I have just got an uncle to donate some wood he had lying around and have decided that this is the year that I replace the roof.
BUT...the shed I have is not a shed.
Confused I hear you say, the shed is built on the end of my house with the kitchen window right above the flat useless roof so a nice apex is out of the question says the wife.
Is there any way that you can put guttering on the wall under the window and flash it in or does that only work if you have four sides to a shed?????????
Please help. You probably will need more info unless you've come across it before? thanks very much.
Lean to shed
Hi John, I want to put up a lean-to shed against the side wall of the house up to the boundary fence with our neighbour. The shed will not be going past the front of the house.
Is this allowed to be done with regard to building regulations?

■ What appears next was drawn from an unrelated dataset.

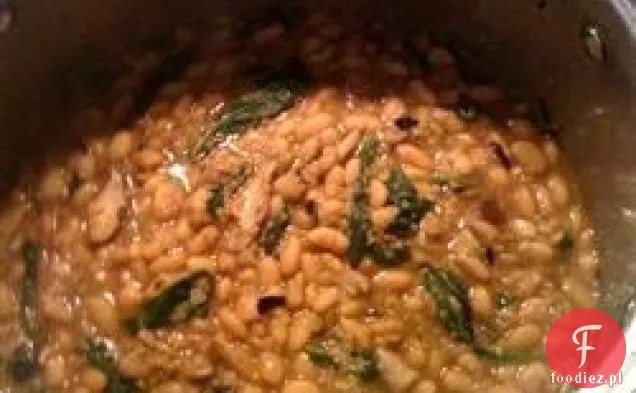 Zupa z białej fasoli z komosą ryżową, szpinakiem i grzybami shiitake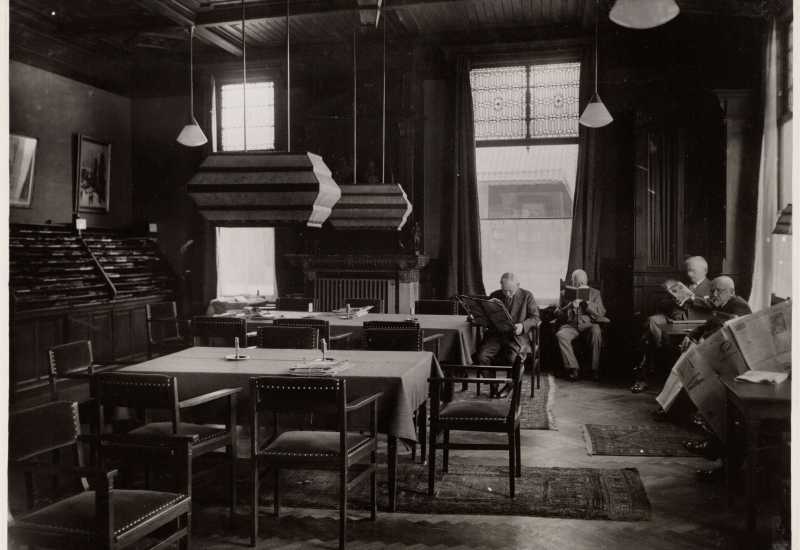 Bezoek de originele Arti-bibliotheek in het Van Gogh Museum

Many thanks for any assistance.
Thank you for your question.
The rules regarding what can and can’t be built as a storage shed on the grounds of a domestic house vary widely from country to country and in the US from State to State.
However, the general approach to ensure that what you are building is within the rules and won’t be required to be dismantled at a later date are similar wherever in the world you are.
To help you understand this process here's an overview of how the building control system works
The specific regulations will vary but by understanding how the process works you should be able to understand the process better when reading the rules that apply to where you are.
The rules that apply to building any development whether it is a domestic or commercial development are the planning rules. To get permission to build a structure of any house (from a factory to a bridge) the person wanting to initiate the building will need to submit plans/drawings to a local approval authority (often the town or city council).
The drawings should show what they intend to build and how it will fit into the existing neighbourhood. The local authority will then listen to local opinion and rule as to whether the project can go ahead.
Once planning permission has been achieved then the developer will create more detailed plans
These drawings and calculations that will prove how his project complies will all local building standards, laws and regulations. The developer needs to submit these to the local authority to get proof that the building is safe to occupy. The local authority will then issue some documentation proving that the building has Building Regulation approval and is in compliance with building standards. This certificate is often required when the building is sold, as evidence of the building's suitability to a potential purchaser.
When it comes to sheds and other ancillary buildings
There are so many and they are so insignificant in the grand scale of things that there are rules on structures that are classed as Permitted Development. Permitted Development is allowed so that the planning system does not get clogged up with small projects that don’t have much significance in the big picture. If your shed fits within the rules of a permitted development then you can just go ahead and build regardless without the time and expense of a planning application.
One thing to note is that even though your project is a permitted development it may still require Building Regulation approval if the permitted development rules say so.
The rules of what is a permitted development are what you are interested in
The rules of what is a permitted development vary from place to place and are also occasionally revised so I don’t offer the service of saying what is and what is not allowed.
In relation to sheds and permitted development specific point that will be referred to in the rules will be such things as the distance of the shed from the house, the area of the floor plan, the height to the ridge or the eaves.
In your case, the rule that you are concerned about is whether the shed can be built to the side of the house but not forward of the main building line.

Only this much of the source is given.